Schwann cells (SCs) have been considered to be one of the most promising cell types for transplantation to treat spinal cord injury (SCI) due to their unique growth-promoting properties. Despite the extensive use as donor cells for transplantation in SCI models, the fate of SCs is controversial due in part to the lack of a reliable marker for tracing the grafted SCs. To precisely assess the fate and temporal profile of transplanted SCs, we isolated purified SCs from sciatic nerves of adult transgenic rats overexpressing GFP (SCs-GFP). SCs-GFP were directly injected into the epicenter of a moderate contusive SCI at the mid-thoracic level at 1week post-injury. The number of SCs-GFP or SCs-GFP labeled with Bromodeoxyuridine (BrdU) was quantified at 5min, 1day, and 1, 2, 4, 12 and 24weeks after cell injection. Basso, Beattie, and Bresnahan (BBB) locomotor rating scale, footfall error, thermal withdrawal latency, and footprint analysis were performed before and after the SCs-GFP transplantation. After transplantation, SCs-GFP quickly filled the lesion cavity. A remarkable survival of grafted SCs-GFP up to 24weeks post-grafting was observed with clearly identified SC individuals. SCs-GFP proliferated after injection, peaked at 2weeks (26% of total SCs-GFP), decreased thereafter, and ceased at 12weeks post-grafting. Although grafted SCs-GFP were mainly confined within the border of surrounding host tissue, they migrated along the central canal for up to 5.0mm at 4weeks post-grafting. Within the lesion site, grafted SCs-GFP myelinated regenerated axons and expressed protein zero (P0) and myelin basic protein (MBP). Within the SCs-GFP grafts, new blood vessels were formed. Except for a significant decrease of angle of rotation in the footprint analysis, we did not observe significant behavioral improvements in BBB locomotor rating scale, thermal withdrawal latency, or footfall errors, compared to the control animals that received no SCs-GFP. We conclude that SCs-GFP can survive remarkably well, proliferate, migrate along the central canal, and myelinate regenerated axons when being grafted into a clinically-relevant contusive SCI in adult rats. Combinatorial strategies, however, are essential to achieve a more meaningful functional regeneration of which SCs may play a significant role.

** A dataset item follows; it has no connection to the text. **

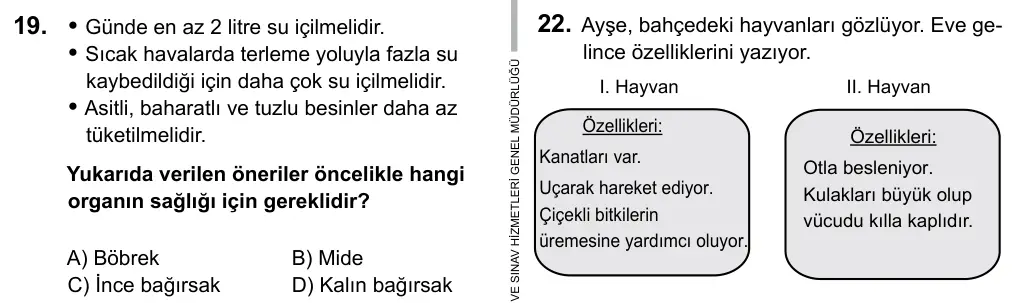 5. Sınıf Fen Bilimleri 2017 İOKBS Bursluluk Sınavı 19. Soru görseli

雪旺细胞(SCs)因其独特的促生长特性,被认为是用于移植治疗脊髓损伤(SCI)最有前景的细胞类型之一。尽管在SCI模型中广泛用作移植供体细胞,但雪旺细胞的命运仍存在争议,部分原因是缺乏可靠的标记物来追踪移植的雪旺细胞。为了精确评估移植雪旺细胞的命运和时间变化情况,我们从过表达绿色荧光蛋白(GFP)的成年转基因大鼠坐骨神经中分离出纯化的雪旺细胞(SCs-GFP)。在损伤后1周,将SCs-GFP直接注射到胸段中部中度挫伤性SCI的损伤中心。在细胞注射后5分钟、1天以及1、2、4、12和24周,对SCs-GFP或用溴脱氧尿苷(BrdU)标记的SCs-GFP数量进行定量分析。在SCs-GFP移植前后,进行Basso、Beattie和Bresnahan(BBB)运动评分量表、步幅误差、热缩足潜伏期和足迹分析。移植后,SCs-GFP迅速填充损伤腔。观察到移植的SCs-GFP在移植后长达24周有显著存活,且雪旺细胞个体清晰可辨。注射后SCs-GFP增殖,在2周时达到峰值(占总SCs-GFP的26%),此后下降,并在移植后12周停止。尽管移植的SCs-GFP主要局限于周围宿主组织的边界内,但在移植后4周时,它们沿着中央管迁移了长达5.0毫米。在损伤部位,移植的SCs-GFP使再生轴突髓鞘化,并表达蛋白零(P0)和髓鞘碱性蛋白(MBP)。在SCs-GFP移植物内,形成了新的血管。与未接受SCs-GFP的对照动物相比,除了足迹分析中旋转角度显著减小外,我们未观察到BBB运动评分量表、热缩足潜伏期或步幅误差有显著的行为改善。我们得出结论,当移植到成年大鼠临床相关的挫伤性SCI中时,SCs-GFP能够很好地存活、增殖、沿着中央管迁移并使再生轴突髓鞘化。然而,组合策略对于实现更有意义的功能再生至关重要,其中雪旺细胞可能发挥重要作用。